The son of a Geneva tobacconist who had emigrated from the Ukraine at around the turn of the last century, Zino Davidoff, at the age of 20 and at the urging of his father, left home and spent nearly six years, from 1924 through 1929, visiting tobacco farms in South America and Cuba. He studied the plant’s cultivation and cigar making and learned what distinguished the finest cigars from the rest. Upon his return to Switzerland, he persuaded his father to start carrying Cuban cigars and called on his contacts to obtain the best Havanas. Using his considerable charm, Davidoff built a clientele for the retail business he would eventually take over that included dignitaries and celebrities from throughout the world.

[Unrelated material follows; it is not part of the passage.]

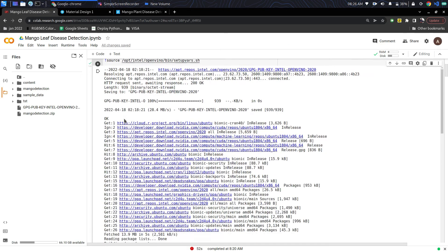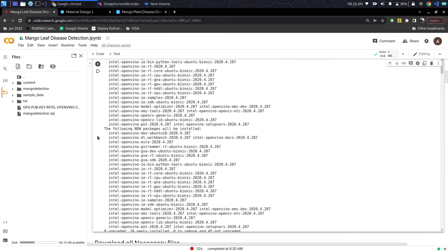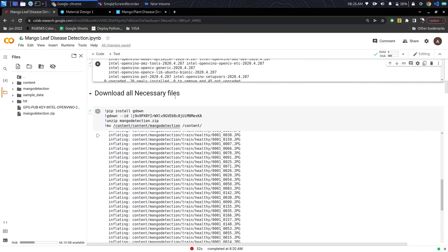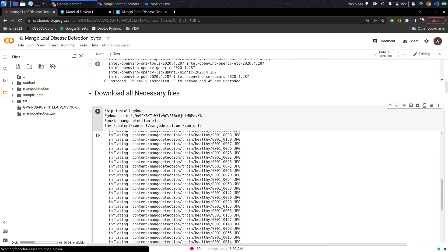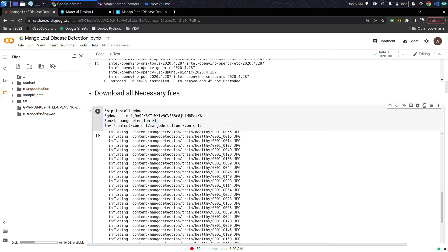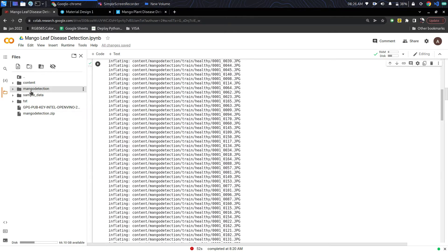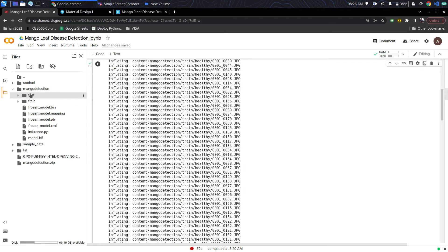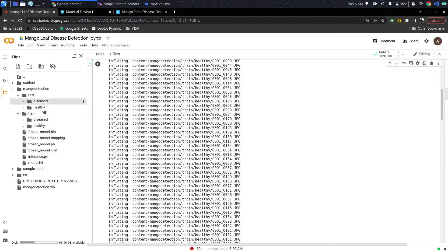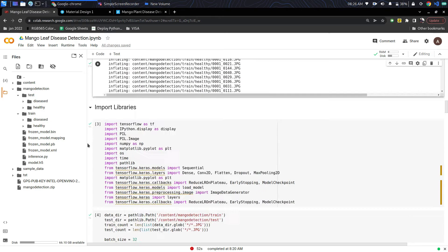After installing the OpenVINO toolkit, below is the download of all the test data and train data. I have extracted the data and on the left hand side you can see it is classified into diseased and healthy images.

Davidoff retained close ties to the Cubans during World War II, when his shop was one of the few venues in Europe that continued to sell Havanas, and shortly after the war, he and Cuba’s Hoyo de Monterrey—and maybe, depending on whose version of the story is true, another Swiss retailer—established what remains perhaps the most prestigious line of Cuban cigars ever produced. An aficionado of Bordeaux wines, Davidoff, according to his account, named the cigar shapes after France’s first-growth châteaux. “We [Davidoff and representatives from Cuba’s Hoyo de Monterrey] were in a French restaurant and the idea struck me as I was looking at the wine list,” Davidoff, who died in 1994 at the age of 88, once said. “France had its Grand Crus. Why shouldn’t Havana?” The Cuban version of the story contradicts Davidoff’s, claiming that the idea to market the cigars and to name them after the châteaux originated with the Zurich-based cigar merchant Dürr. Other accounts say the cigar line represented a collaborative effort between Davidoff, Dürr, and Hoyo de Monterrey. It is certain, however, that exquisite Cuban cigars bearing the names Château Haut-Brion, Château Margaux, Château Lafite, and Château Latour were introduced in 1946. A story goes that Davidoff had neglected to obtain permission from the winery owners to use their names, but he won them over by sending a gift of cigars to each vintner.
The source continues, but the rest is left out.